*** Source information Section Begins ***
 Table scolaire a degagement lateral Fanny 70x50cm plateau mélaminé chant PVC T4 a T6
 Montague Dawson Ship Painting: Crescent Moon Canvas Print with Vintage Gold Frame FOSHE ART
*** Source information Section Ends ***
*** Source information Section Begins ***
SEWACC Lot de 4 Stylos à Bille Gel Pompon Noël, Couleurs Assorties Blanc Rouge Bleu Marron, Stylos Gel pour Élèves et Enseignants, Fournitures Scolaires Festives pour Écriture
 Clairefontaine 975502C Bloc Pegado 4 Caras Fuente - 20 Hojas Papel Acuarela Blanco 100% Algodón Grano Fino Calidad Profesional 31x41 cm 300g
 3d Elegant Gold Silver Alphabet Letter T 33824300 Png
*** Source information Section Ends ***
*** Source information Section Begins ***
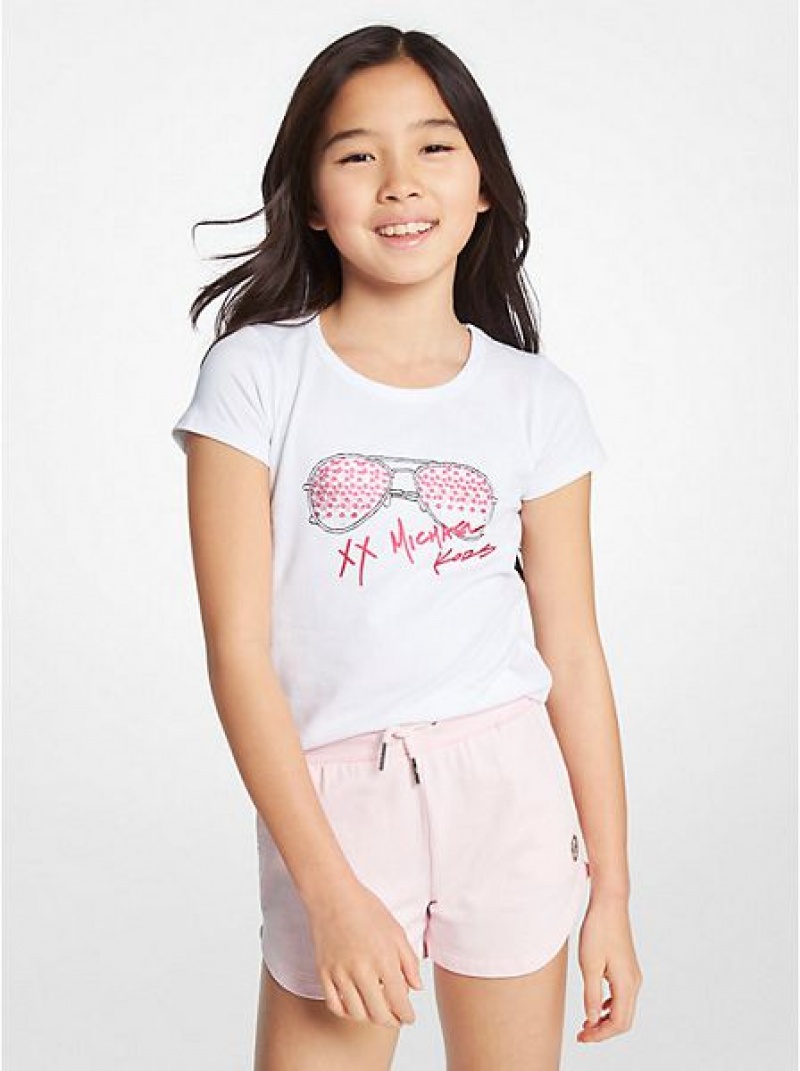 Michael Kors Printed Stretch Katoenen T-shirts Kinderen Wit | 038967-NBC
*** Source information Section Ends ***
■ Instructions to follow:
Check each line of the data above, and please copy the ones in which the string "Gold" occurs.

■ Solution to this problem:
 Montague Dawson Ship Painting: Crescent Moon Canvas Print with Vintage Gold Frame FOSHE ART
 3d Elegant Gold Silver Alphabet Letter T 33824300 Png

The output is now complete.